Soma Mei Sheng Frasier, one of the writers who featured in our City Stories Program just published her debut novel, OFF THE BOOKS and it got rave reviews.
In Memoriam
Margo Callard
Margo Callard (March 31 1981-April 16 2024)
Margo Callard was a loving friend and advisor to the SF Creative Writing Institute. She nurtured her passion for poetry and personal essays by earning her BA in Literature from the College of Creative Studies at UC Santa Barbara. Since its inception, she was one of SFCWI's most enthusiastic supporters: she was a Method Writing and Poetry Workshop student and helped our institute secure its first corporate grant. She also orchestrated the logistical work of the Dispatches from Quarantine Blog and even played the violin at our early Write from the Gut events. In 2022, Margo was diagnosed with stage 4 lung cancer. She became passionate about those with disabilities and chronic medical conditions after the pandemic. One year ago, Margo sadly passed away. We're currently working on establishing an award for women and nonbinary writers in her name called, "The Margo." (SFCWI Website)
Laurel Amberdine
Laurel Amberdine (1970-2025)
Laurel Amberdine (1970–21 January 2025) was a writer, interviewer, and genre editor. She worked for Locus Magazine for ten years, and was an assistant editor for Lightspeed magazine. Amberdine was known for her kind and thoughtful interviews, yet she also loved to write, both prose and poetry. Her short fiction story, “Airship Hope” was published by Daily Science Fiction in 2013, and in her 2018 essay “Science Fiction Saved My Life” (Uncanny Magazine), she discussed how her chronic illness and disability had affected her, how finding writing gave her purpose, and how privilege inherent in the industry limits voices that readers may need to hear. Amberdine wrote a young adult novel, Luminator, started in an SFCWI workshop with Nick Mamatas, which made it far along in the publication process, as well as an adult science-fiction novel.

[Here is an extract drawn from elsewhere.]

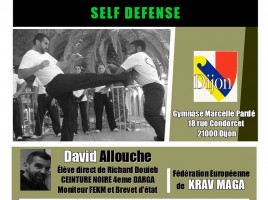 affiche stage David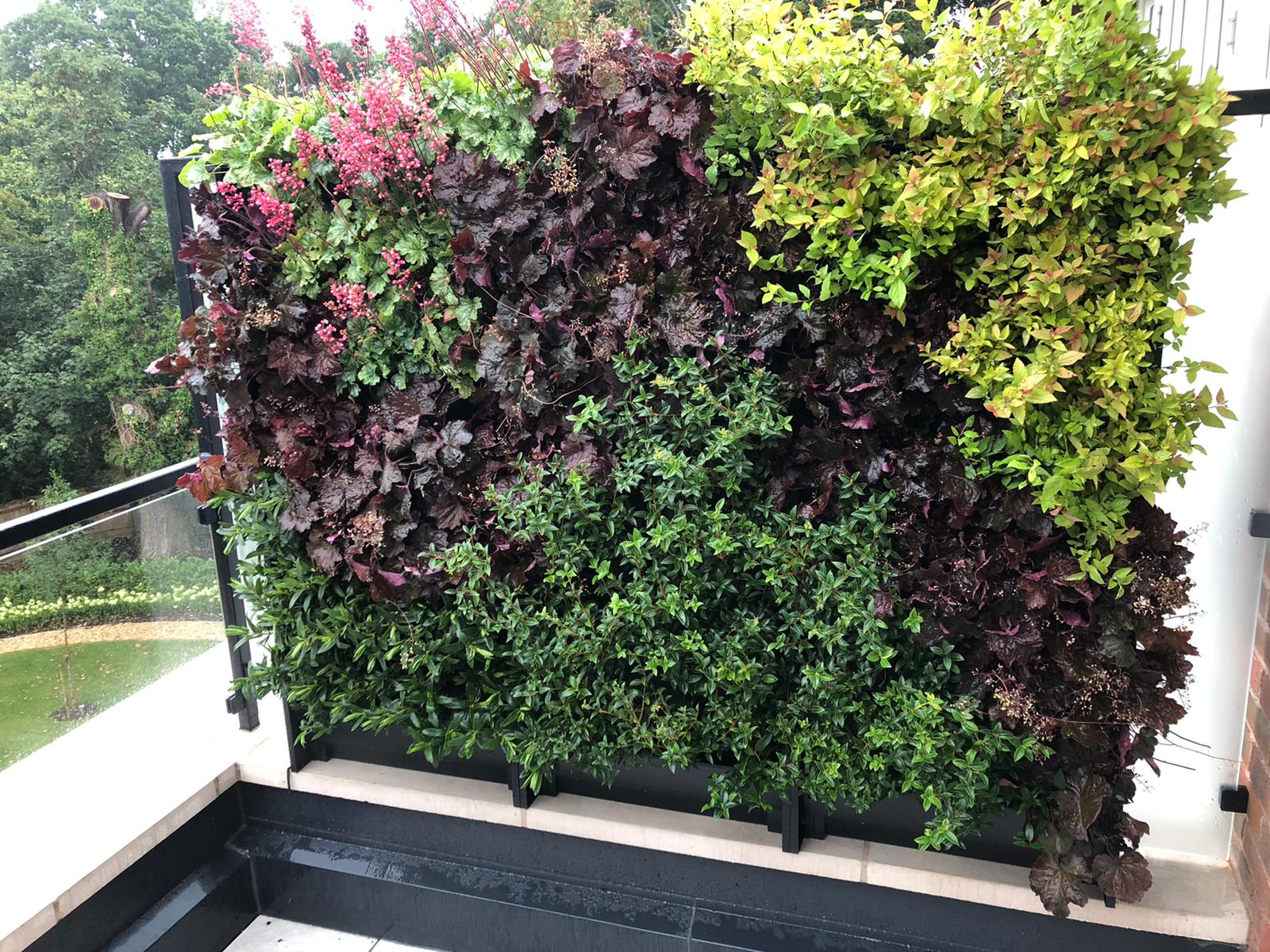 create a stunning balcony garden with a Rosewood living wall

Amberdine was known for her kindness and warmth, rooted in her Catholic faith, and extended to all who she encountered. (SFWA Website)
Inspirational Quotes
"It is not possible to constantly hold on to crisis. You have to have the love and you have to have the magic. That is also life."
— Toni Morrison
"In a time of destruction, create something."
― Maxine Hong Kingston
"Literature is the best way to overcome death. My father, by teaching me to read, gave me the greatest gift anyone could give another person: liberation from the prison of ignorance."